External Audit Comparison

Compare your SOX population of control activities to your external auditor’s population.

If the auditor tests more controls than your company, you could help your auditor identify the entity-level controls that prevent and detect material misstatements.

Evaluating your regulatory requirements and consolidating those controls can create opportunities to reduce the impact of audits and improve efficiencies within the organization, while creating greater line of sight to the controls that truly support regulatory needs.

Your company is ultimately responsible for defining controls and generating evidence to support the effective operation of those controls; the key is to ensure controls are precise and evidence demonstrates the precision.

SEC Guidance

Throughout the process, reference the Securities and Exchange Commission (SEC) guidance to optimize the evidence generated to support your 404(a) assertion. Optimization could reveal opportunities to reduce the cost and impact of SOX.

Integrate Audits

Organizations are integrating their controls audits by taking advantage of the SOX overlap with the following:

• System and Organization Controls (SOC) 1 testing
• SOC 2 testing
• National Institute of Standards and Technology (NIST) assessments
• Health Insurance Portability and Accountability Act (HIPAA) testing
• Financial Industry Regulatory Authority (FINRA) examinations
• North American Electric Reliability Corporation (NERC) testing
• Customer Identification Program (CIP) testing
• General Data Protection Regulation (GDPR)
• California Consumer Privacy Act (CCPA) regulations

Your company can optimize evidence of your controls and support the assertions of your audit and help cut costs in the following ways:

• Use control self-assessments
• Remediate significant deficiencies and material weaknesses
• Consolidate controls

Use Control Self-Assessments

Consider using control self-assessments for all SOX controls that your external auditor chooses to test independently.

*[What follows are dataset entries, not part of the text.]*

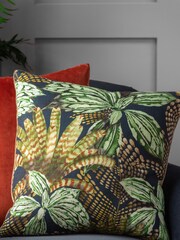 Wylder Green Mogori Abstract Leaves Printed Velvet Reverse Cushion - Image 1 of 3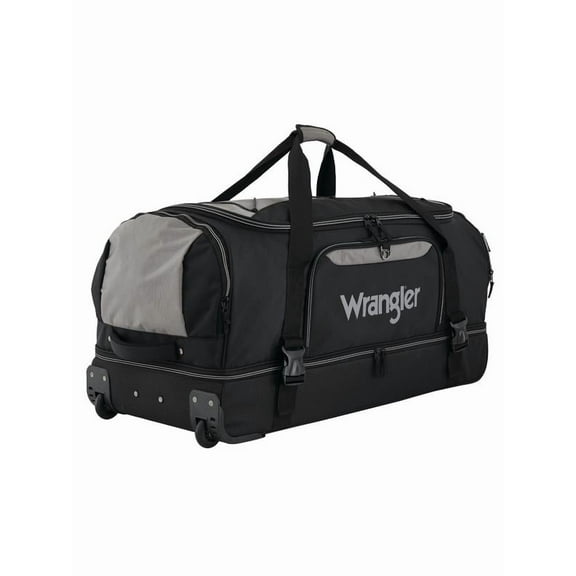 Wrangler Jumbo 36" Drop-Bottom Rolling Duffel with Telescopic Handle - Black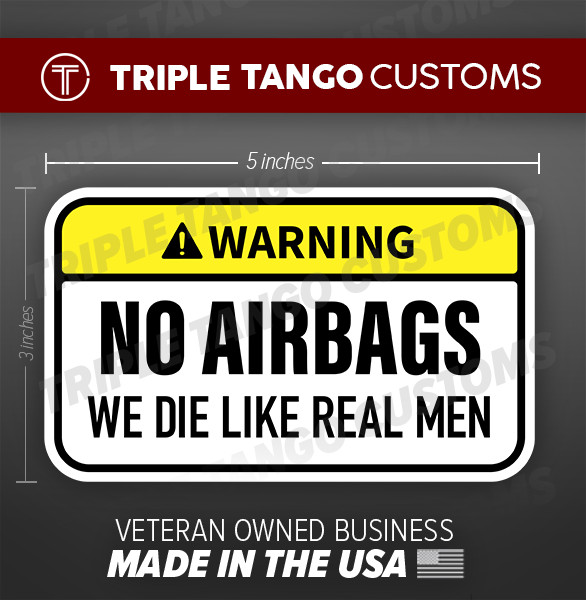 WARNING Funny Bumper Sticker No Air We Die Like Real Men bags Car Decal JDM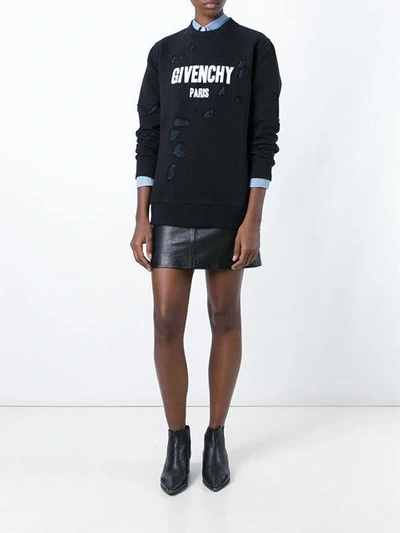 Shop Givenchy Distressed Logo Sweatshirt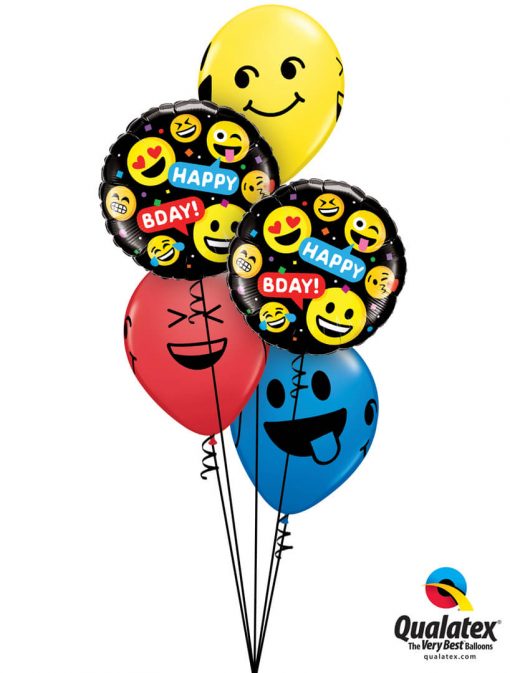 Bukiet 1248 Happy Birthday Smileys Qualatex #78718-2 85705-3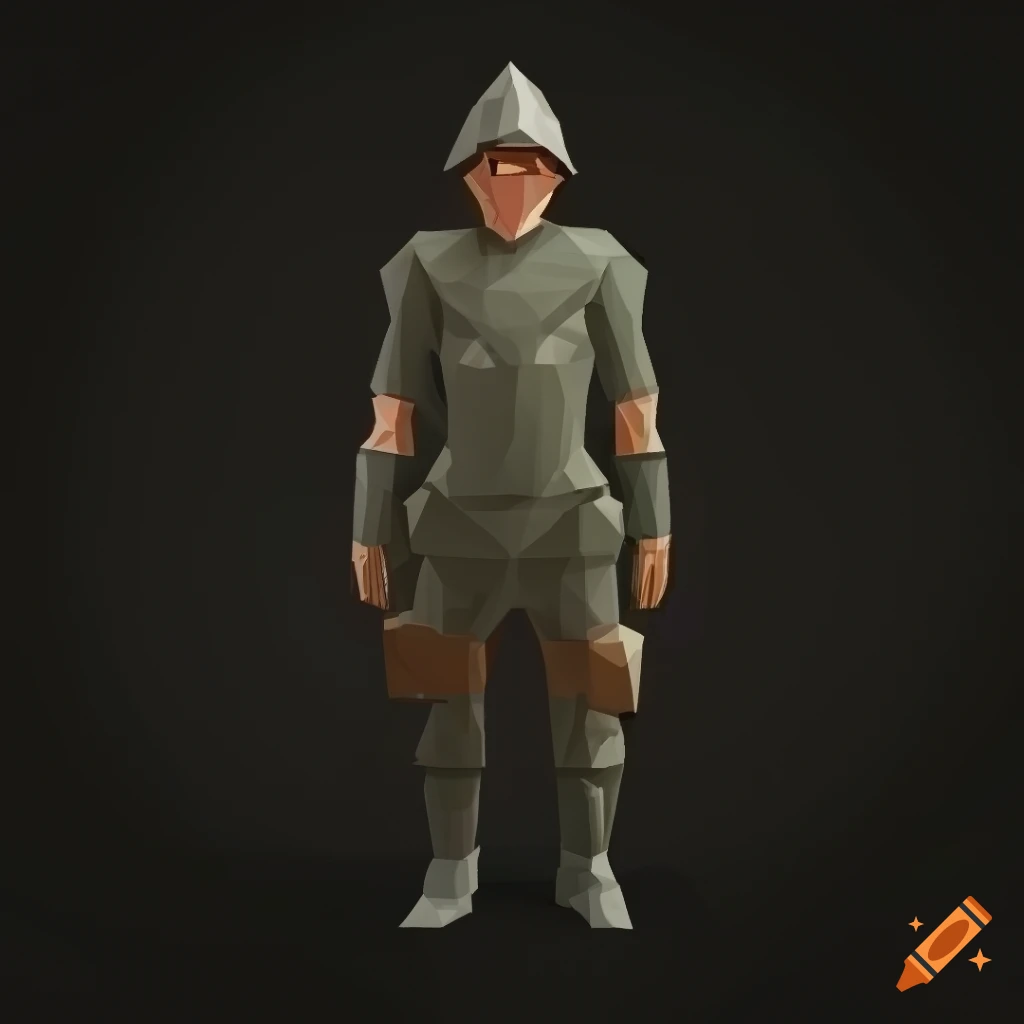 Low poly representation of a job hunter on Craiyon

Control self-assessments can be an efficient, cost-effective way to provide reassurance to your executives without hiring a third party to test your controls.

If you have a third-party test controls to support your 404(a) assertion and your external auditor ignores this work, discuss next steps. Consider whether the cost of a third-party is worth the expense if the external auditor isn’t going to rely on this work.

Use this understanding to increase your external auditor’s reliance on your organization’s work while they test high-risk areas independently. This could provide leverage to negotiate your audit fee.

Remediating significant deficiencies and material weaknesses may enable the auditor to rely on controls for the financial statement audit and simultaneously reduce the number of items selected for testing.

This reduces the audit firm’s overall sample sizes and minimizes the time your company spends responding to audit requests.

If your company receives a list of deficiencies that haven’t been assessed as significant deficiencies or material weakness, your external auditor may be testing too much.

In this case, remove deficient control activities from the SOX population if the ineffective control didn’t result in a significant deficiency or material weakness by itself or in the aggregate.

Remember your auditor doesn’t have to test controls that don’t prevent or detect a material weakness by themselves or in the aggregate. Therefore, if the control fails and it’s evaluated as a deficiency, you could have an opportunity to remove the control and point to another control—especially if the evaluation of the deficiency leads to other mitigating controls.

Consolidate Controls

Many public issuers that identified and documented their controls 10 to 15 years ago haven’t revisited them since. There’s a good chance redrafting controls and consolidating redundancies could improve SOX efficiencies.

Broad or generic control statements can result in ambiguity. Consider rewriting controls to be more specific and precise to the activities and events the organization performs today, and adding controls to directly and precisely mitigate the risk.

As you remediate and think about improving controls, be specific and precise in the activities and look to consolidate controls that seem redundant.